Yaşanan boğulma olaylarına tepki gösteren Karataş Mahallesi sakinleri, yetkililere seslenerek bir an önce kanal çevresinde gerekli önlemlerin alınarak, kanalların üzerinin kapatılmasını istedi.
Sulama kanalında yeğenini kaybeden Mehmet Birişik, sulama kanallarının üzerinin açık olmasının boğulma vakalarına davetiye çıkardığını savundu.
Dayı Birişik, “Sulama kanalları 2014 yılında açıldı. Genellikle bu kanal Birecik- Bozova tarafından gelirken 17 kilometre boyunca üstü kapalı şekilde geliyor. Suruç tarafına girince kanalın üzeri 30 veya 40 kilometre boyunca açık bırakılmış. Yine kanal Akçakale tarafına giderken yaklaşık 30 ile 40 kilometre arasında kapalıdır.” şeklinde konuştu.
“Dünyanın hiçbir yerinde yerleşim yerinden açık kanal geçmez”
Bayram ziyareti için Gaziantep’ten gelen yeğenini sulama kanalında kaybettiğini belirten Dayı Birişik, “Tarlada çalışırken bana telefon açıldı. Mehmet Emin’in kaybolduğu söylendi. Biz de işi bırakarak kanal çevresine geldik. Çocuğu arama başladık. Çocuğun suya düşme ihtimali vardı. Jandarmaya haber verdik. Jandarma hızlı bir şekilde olay yerine geldi. Yalnız kanal suyunun kapatılması uzun sürdü. Yetkililer, suyu hemen kestiklerini söylemelerine rağmen suyun seviyesi ancak 4 saat sonra düştü. Bu da gösteriyor ki, bu proje komple hatalı bir projedir. Bu proje 1970'lerde olsaydı kabul edilebilirdi ama bu proje 2014 ile 2015 yılında yapılmış. Dünyanın hiçbir yerinde yerleşim yerinden bu şekilde açık kanal geçmez çünkü geçilmesi çok tehlikelidir. Bu ihmalin cezasını biz çektik. Bir anne veya baba 24 saat boyunca çocuğuna bekçilik yapamaz, bunu yapması imkânsızdır. Bizim doğuda doğurganlık oranı fazla olduğu için her evde çok çocuk var. Benim dayım günün 24 saati çocuklar kanala düşmesin diye çocukların peşinden koşar durur.” diye konuştu.
“Çocuklar kanala doğru gidince yüreğimiz ağzımıza geliyor”
Yaşanan boğulma olaylarından sonra sürekli çocukların kanala düşme korkusunu yaşadıklarını belirten Birişik, “Benim amcam ile birlikte 70 dönüm tarlam var.

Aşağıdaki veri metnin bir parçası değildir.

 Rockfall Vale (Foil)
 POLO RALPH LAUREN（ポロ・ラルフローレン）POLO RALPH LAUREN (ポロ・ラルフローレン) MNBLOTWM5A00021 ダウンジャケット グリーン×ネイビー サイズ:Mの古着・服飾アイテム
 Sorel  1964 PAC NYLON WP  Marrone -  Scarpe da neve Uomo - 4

Böyle giderse ben bu işi bırakacağım. Tarlaya çalışmaya gittiğimiz zaman hanım ile birlikte çocuklar da bizle geliyor. Çocuklar kanala doğru gidince yüreğimiz ağzımıza geliyor. 6 tane çocuğum var, ben bunlara nasıl bekçilik yapacağım. Devletin kendisinin bekçilik yapması lazım… Kanal yapılırken bu tarlaları devlete hibe ettik. Maalesef hiçbir önlem yok, şu anda bulunduğumuz yerde kanal açık. Günümüzün teknolojisi ile bu şekilde önlem alınamaz. Bu konuyu biraz araştırdım, bu konu ile ilgili 17 veya 18 dava açılmış. Burada Suriyelilerin yaşadığı çadır kent var. Orada da bugüne kadar 30 ile 40 arasında çocuğun kanalda boğulduğu söyleniyor. Biz bu konuyu gündeme getirmeseydik kimsenin bu olaydan haberi de olmayacaktı.” ifadelerini kullandı.

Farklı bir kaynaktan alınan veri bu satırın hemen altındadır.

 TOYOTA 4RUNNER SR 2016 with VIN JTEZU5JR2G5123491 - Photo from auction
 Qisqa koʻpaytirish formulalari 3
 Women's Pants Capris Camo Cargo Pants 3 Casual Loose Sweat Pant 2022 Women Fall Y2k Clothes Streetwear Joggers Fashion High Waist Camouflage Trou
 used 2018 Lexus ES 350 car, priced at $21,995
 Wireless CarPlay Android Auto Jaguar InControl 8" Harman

“Bizim canımız yandı başkasının canı yanmasın”
Kanalda boğulan çocuğun dedesi Reşit Birişik, kanalların üstünün kapatılarak önlem alınmasını isteyerek, “Torunum Mehmet Emin, bayram ziyareti için kızımla birlikte bize geldiler. Mehmet Emin’in evden çıktığını ve dönmediğini söylediler. Aramaya başladık, tarlanın yanında terliklerini bulduk. Terliği görünce kanala girmiş olacağını düşündük. Daha sonra jandarmaya haber verdik. Olay yerine jandarma ve su altı arama ekipleri geldi. Akşama kadar aradılar bulamadılar. Bir gün sonra sabahleyin çocuğun cesedini buldular. Kanalların üstünün kapatılarak önlem alınmasını istiyoruz. Burada tarlada çalışmaya gidiyoruz, kimse çocuklara bekçilik yapamaz. Her zaman çocukların peşinden koşacak gücümüz yok. Bir de kanal hemen yanı başımızdan geçiyor. Bir hafta içerisinde 6 kişi kanalda boğuldu. Bizim canımız yandı başkasının canı yanmasın.” diye konuştu.

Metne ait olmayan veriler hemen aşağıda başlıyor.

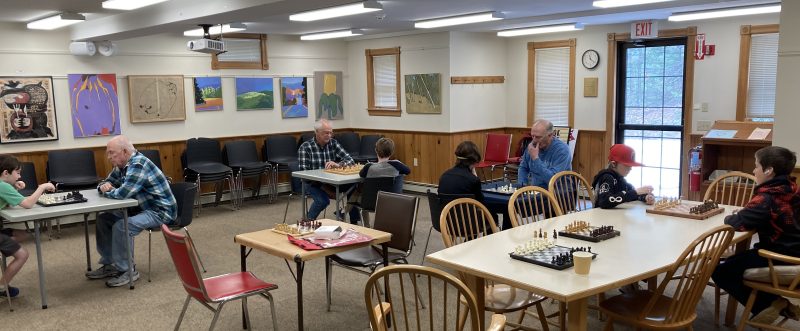 Chess Club 2023-04-29 April wide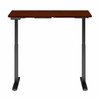 Move 60 Series by Bush Business Furniture 48W x 24D Height Adjustable Standing Desk M6S4824HCBK B-M6S4824HCBK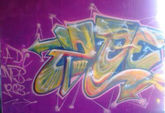 Zoe graffiti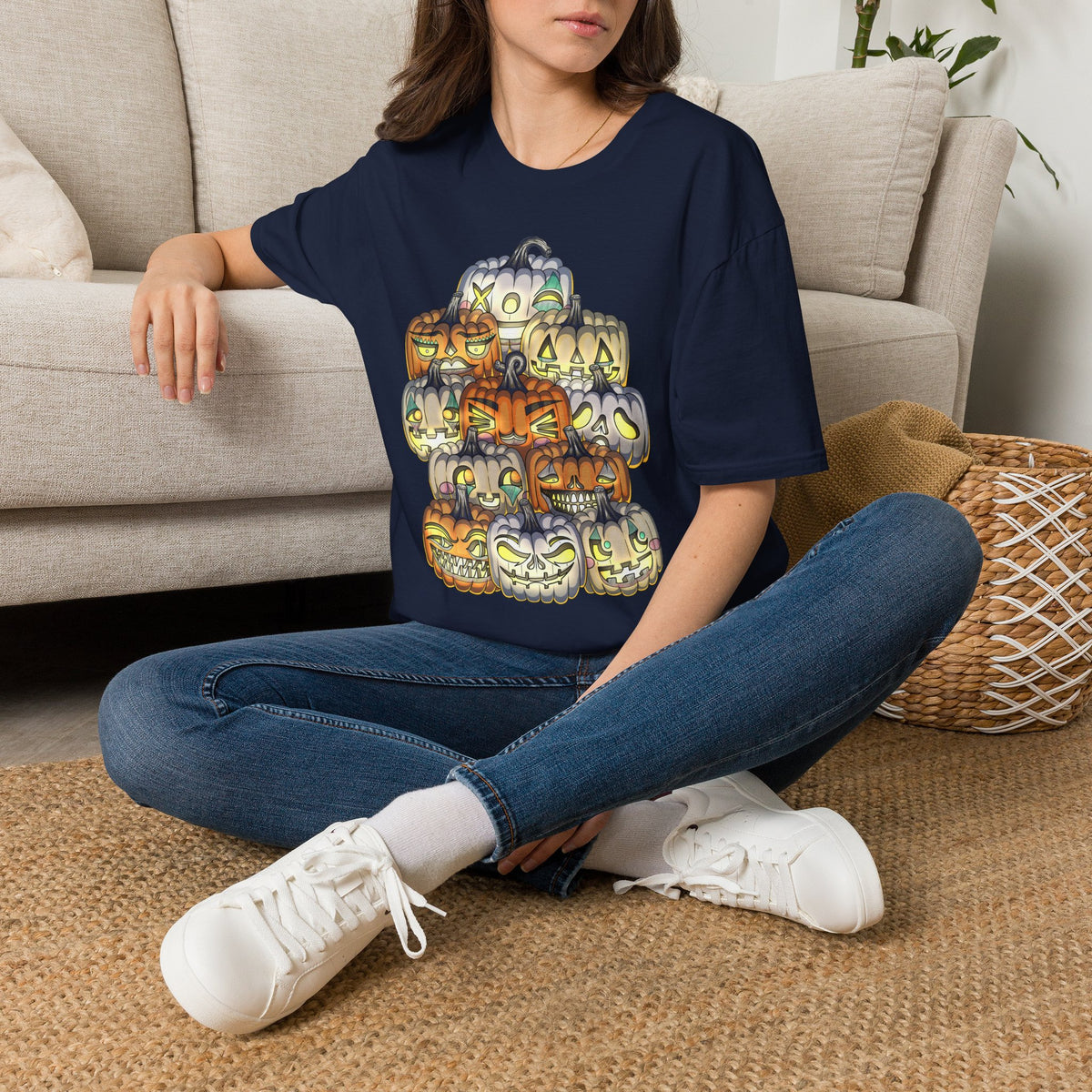 Pumpkin Unisex Softstyle T-Shirt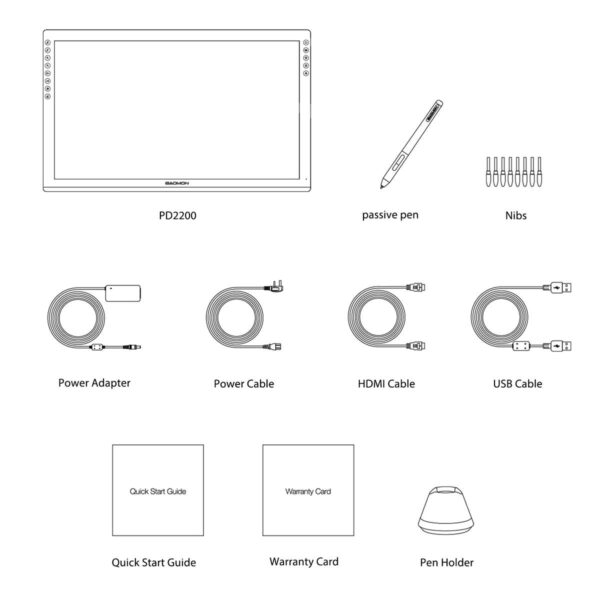 GAOMON-Tableta gráfica de dibujo PD2200 de 21,5 pulgadas, tablet con lápiz capacitivo para pantalla de monitor, soporte de inclinación, sin pilas, 8192 ELECTRÓNICA Tablet homo.cat https://homo.cat/product/gaomon-tableta-grafica-de-dibujo-pd2200-de-215-pulgadas-tablet-con-lapiz-capacitivo-para-pantalla-de-monitor-soporte-de-inclinacion-sin-pilas-8192/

“Kanalın güvenliği için bekçi istiyoruz”
Kanallara girilmesini önlemek için yapılan tel örgülerin sağlam olmadığını ifade eden dede Birişik, “Telleri bazı yerlerde ip ile ve ince telle bağlamışlar. Zaten tel örgüsü açık olduğu için çocuk su içmek için kanala girmiş. Çocuk hem buradan su içilemeyeceğini hem de tehlikeli olduğunu bilememiş. Yetkililerden isteğimiz bir an önce önlem alsınlar. Kanalın güvenliği için bekçi istiyoruz. Bekçi olsa çocukların suya girmesine izin vermez, tel örgülerin de kesilmiş yerlerini kapatırdı.” şeklinde konuştu.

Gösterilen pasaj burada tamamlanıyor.